**Problem statement:**
Starting with the line that contains "Lisca Bikinitop - orange", give again exactly and only each line through the end of the records; include the last line and exclude pictures.

**Crawled caption data:**
══════════════════════════════

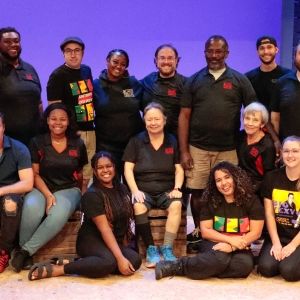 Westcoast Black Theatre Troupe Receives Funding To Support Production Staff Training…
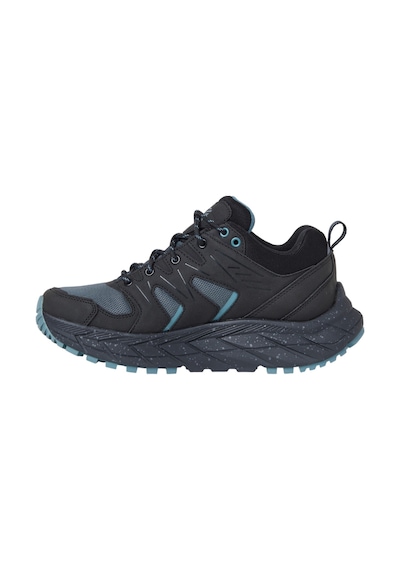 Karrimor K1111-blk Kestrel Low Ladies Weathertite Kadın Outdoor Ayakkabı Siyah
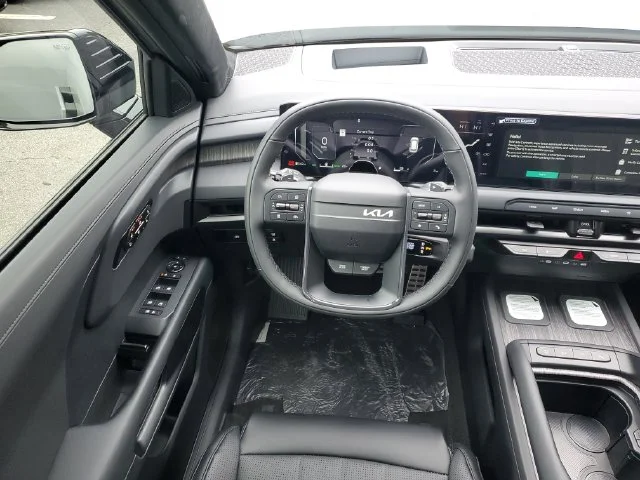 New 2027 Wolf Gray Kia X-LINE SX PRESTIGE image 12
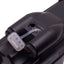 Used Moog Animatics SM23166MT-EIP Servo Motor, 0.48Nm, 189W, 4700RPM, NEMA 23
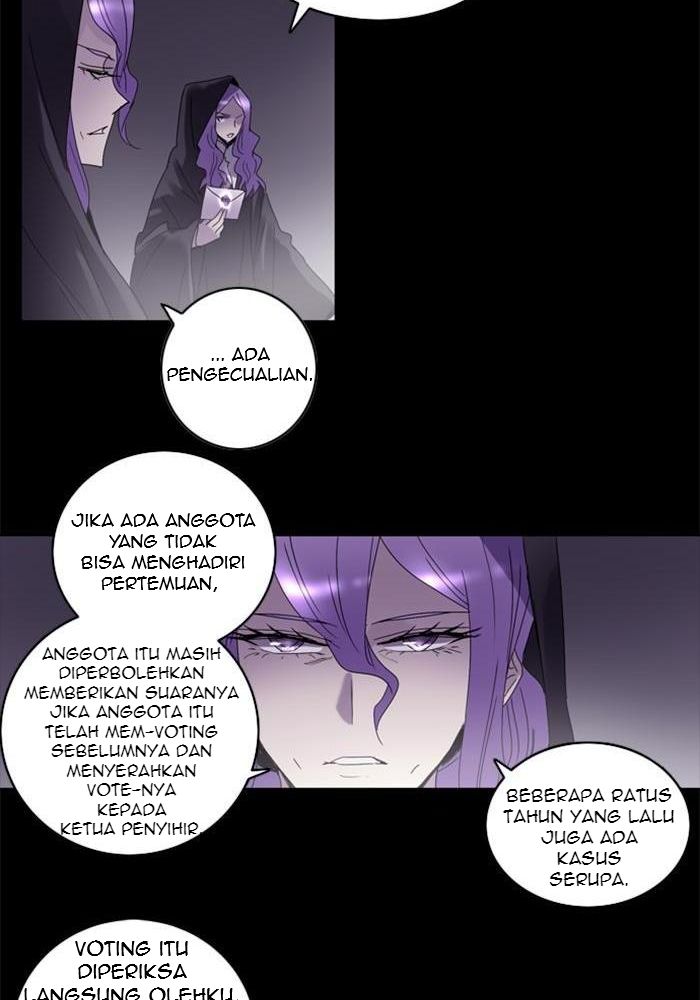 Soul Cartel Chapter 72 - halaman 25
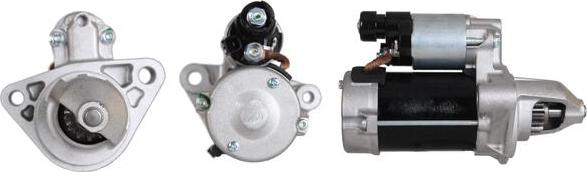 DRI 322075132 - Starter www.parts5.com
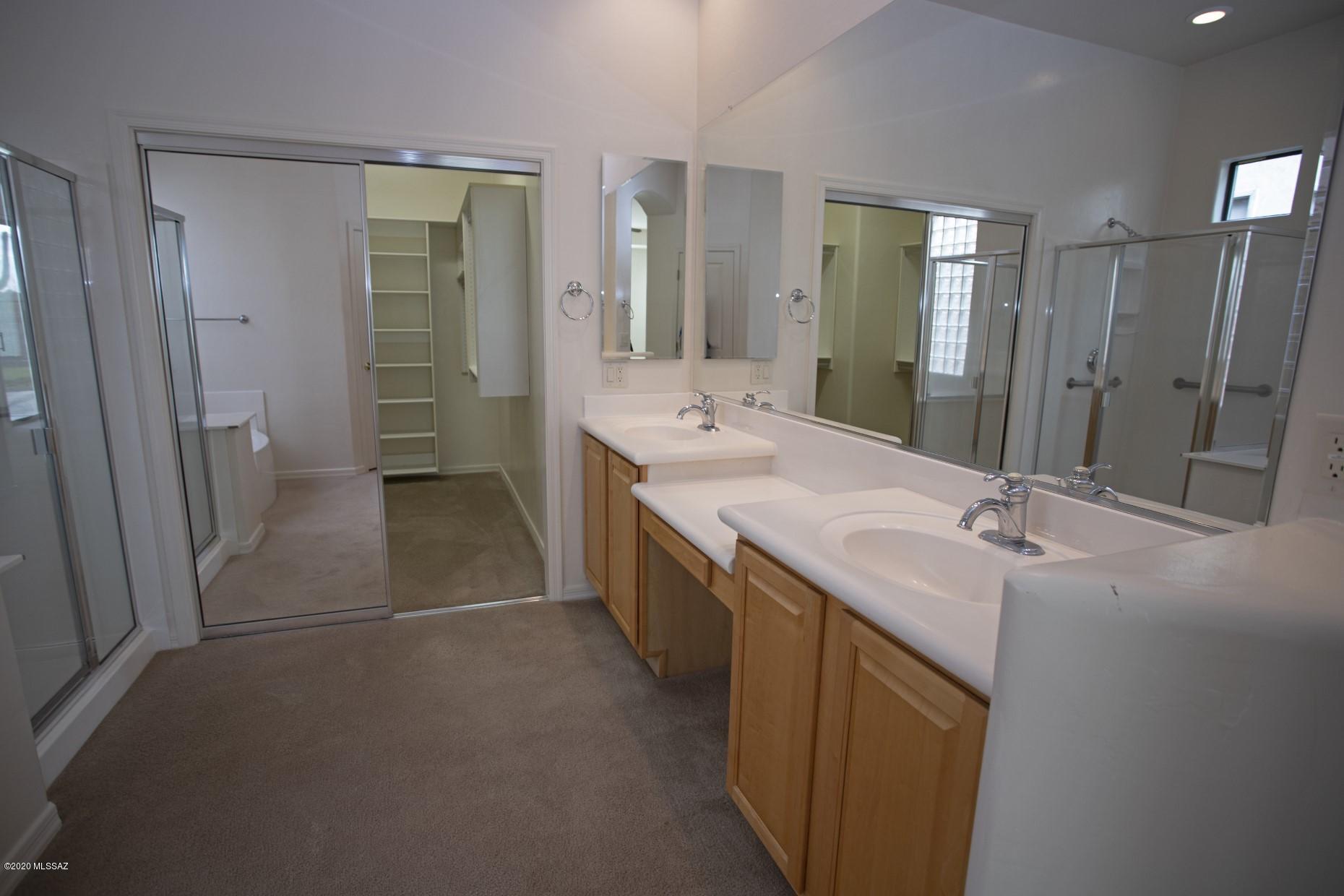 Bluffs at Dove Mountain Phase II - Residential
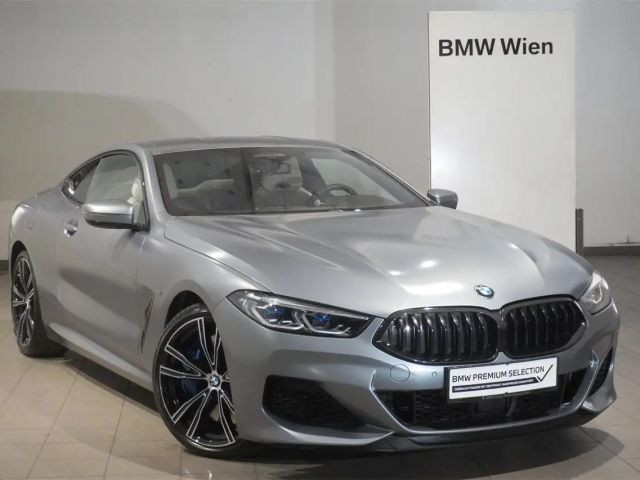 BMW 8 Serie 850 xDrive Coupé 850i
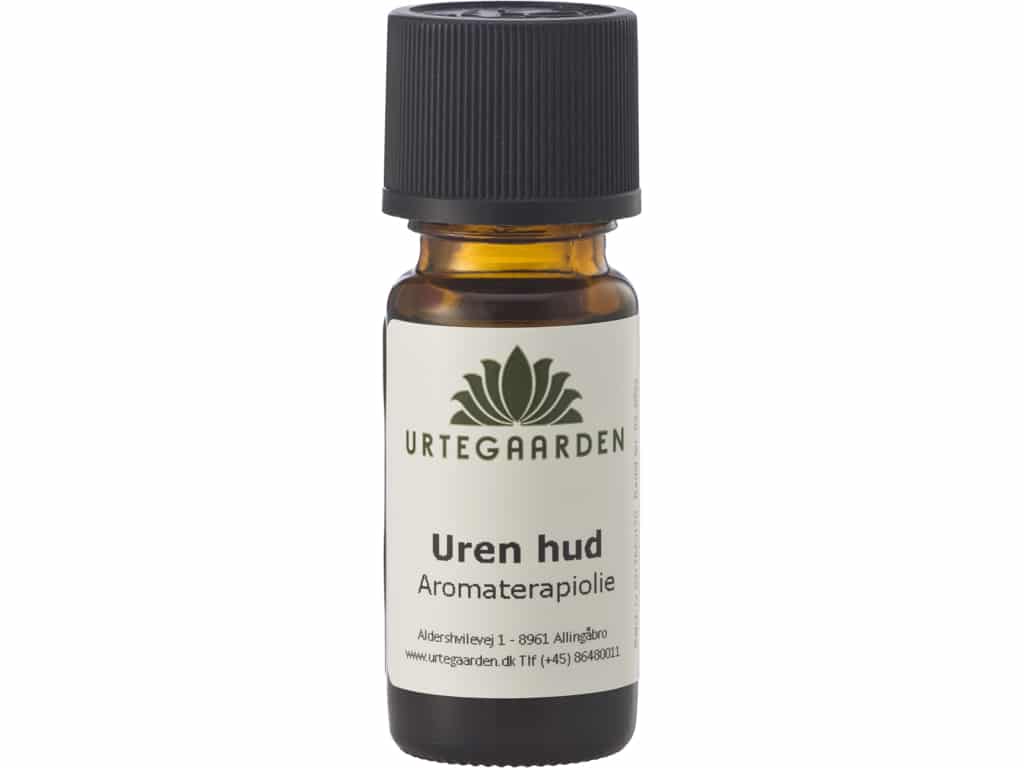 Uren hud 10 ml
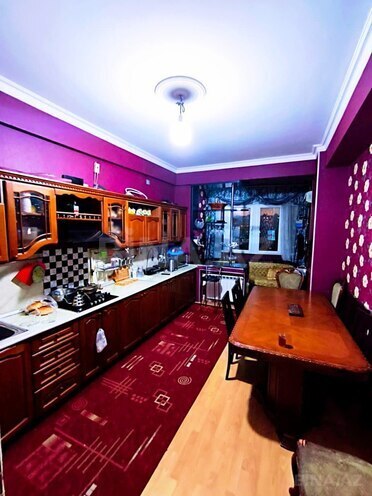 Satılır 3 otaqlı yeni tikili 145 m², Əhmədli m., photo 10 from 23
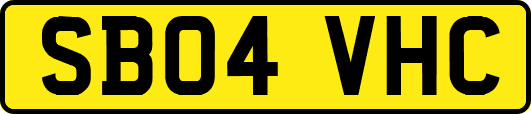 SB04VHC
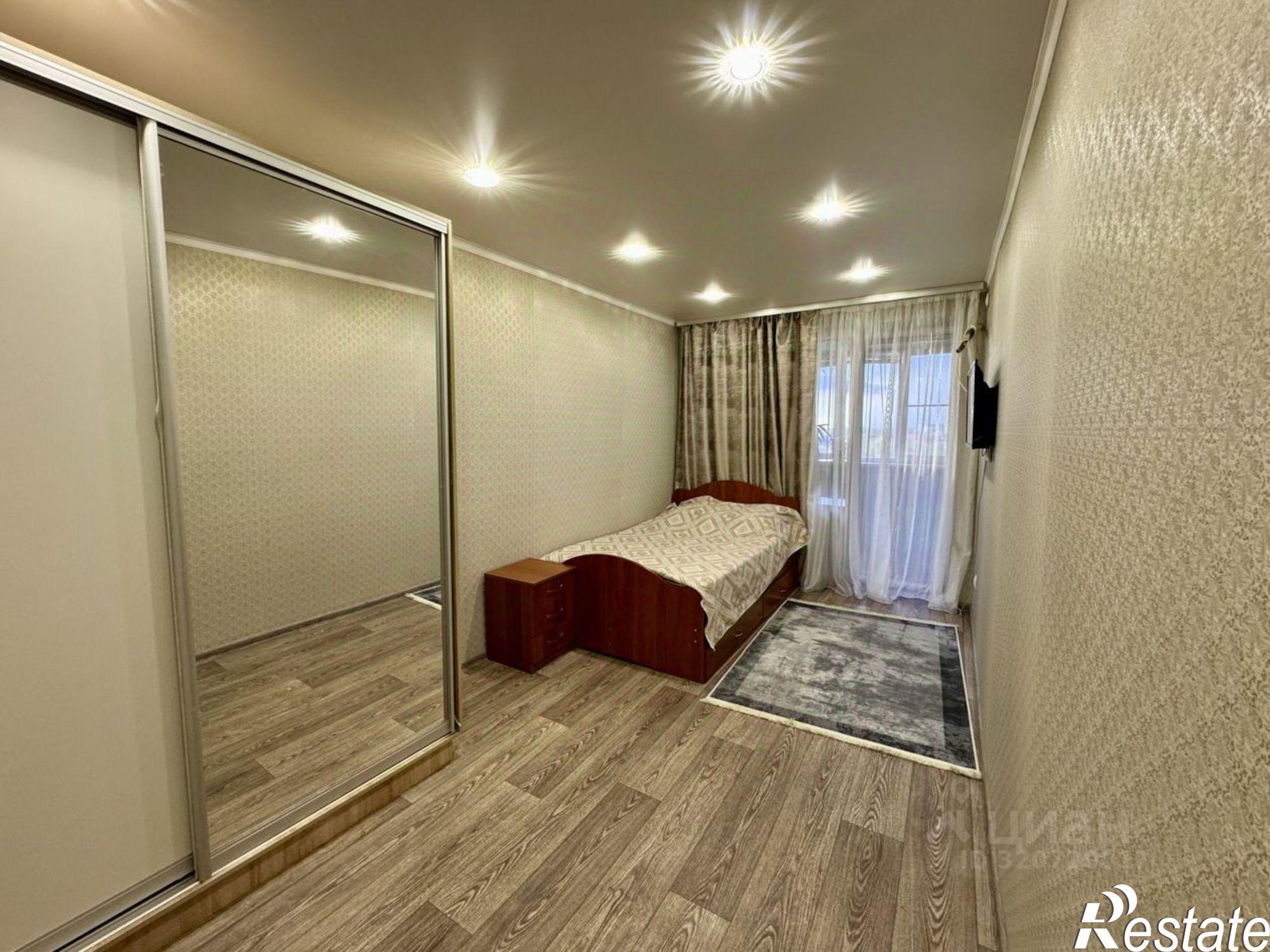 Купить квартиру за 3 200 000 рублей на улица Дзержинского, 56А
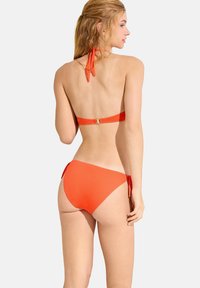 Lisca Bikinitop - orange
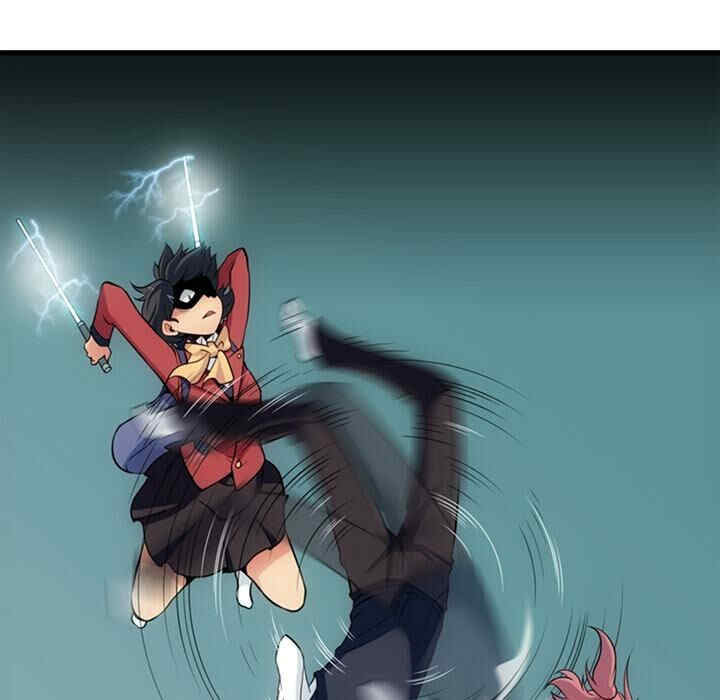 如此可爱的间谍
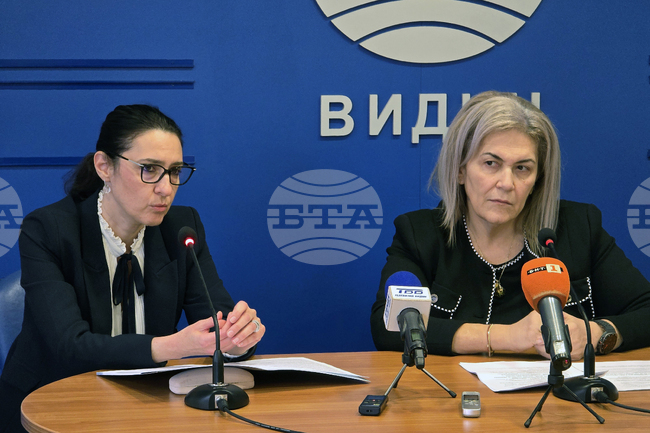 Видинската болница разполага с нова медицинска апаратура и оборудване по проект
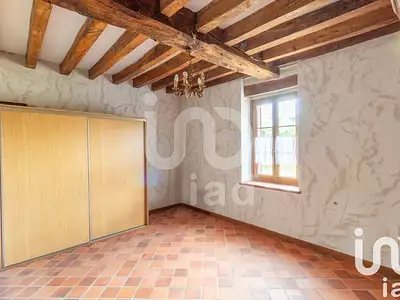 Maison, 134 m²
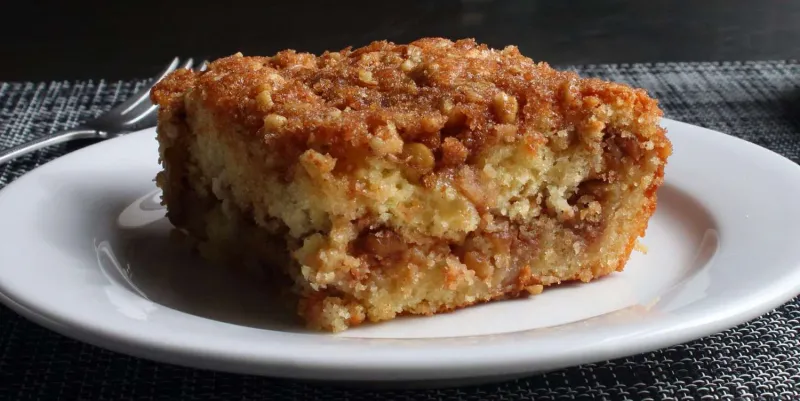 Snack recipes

══════════════════════════════

**Solution to this exercise:**
 Lisca Bikinitop - orange
 如此可爱的间谍
 Видинската болница разполага с нова медицинска апаратура и оборудване по проект
 Maison, 134 m²
 Snack recipes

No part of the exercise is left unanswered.